LOUISVILLE, Ky. (WHAS11) – The murder of 7-year-old DeQuante Hobbs has shaken the Commonwealth of Kentucky.
Monday, Governor Matt Bevin announced via Facebook that he would release details into a plan to stem the tide of violence in Louisville which is on pace for another record year when it comes to murders.
His intentions, he said, would be released sometime next week during a news conference.
Many in Louisville have questioned what the Governor is planning. His office has declined our requests for an interview instead insisting they’ll alert us to a news conference next week.
Mayor Greg Fischer said he has not been contacted by the Governor’s office, other community leaders we’ve spoken to have said the same.
Forty-first District State Representative Attica Scott says she has not been contacted by the governor either. The freshman Democratic lawmaker represents the district in which Dequante Hobbs was killed. Her political ideologies differ greatly from that of the Governor although she insists she'd gladly work with him on a solution. But Representative Scott questions Governor Bevin’s motives and the message she saw on Facebook.

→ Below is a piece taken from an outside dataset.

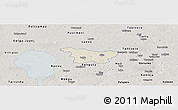 Shaded Relief Panoramic Map of Puhja, semi-desaturated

"There's so much more that needs to be done, you know. I did watch the video from the Governor and, quite frankly, his rhetoric which really borders on racist rhetoric and religious fundamentalism is not going to connect to the people that I serve,” Rep. Scott said.

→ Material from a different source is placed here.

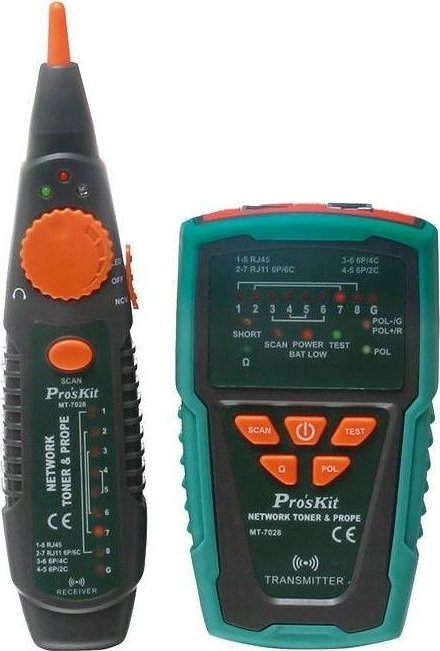 Kompiuterinio tinklo kabeliu testeris su zondu Pro'sKit 1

Anywhere across District 41, it's going to take all of us working together to create healthier and safer neighborhoods and his legislature did nothing to address employment or income issues in West Louisville. It did nothing to allow us to have stricter gun laws in Louisville so I'm not confident we have the political will to address this issue.”
When asked what she heard that she considered “borderline racist rhetoric” or “religious fundamentalism”, she pointed to a line in the Governor’s video in which he said, “this is a cultural problem, it is a community problem, it's a spiritual problem, it's an economic problem.”
"I mean, this is a cultural issue and it's a spiritual issue? Really? Is that what it is? No. It's more than that and if you talk about it being a cultural issue then you better specify what you mean by that especially when you keep talking about the murder rate in Louisville,” Rep. Scott said.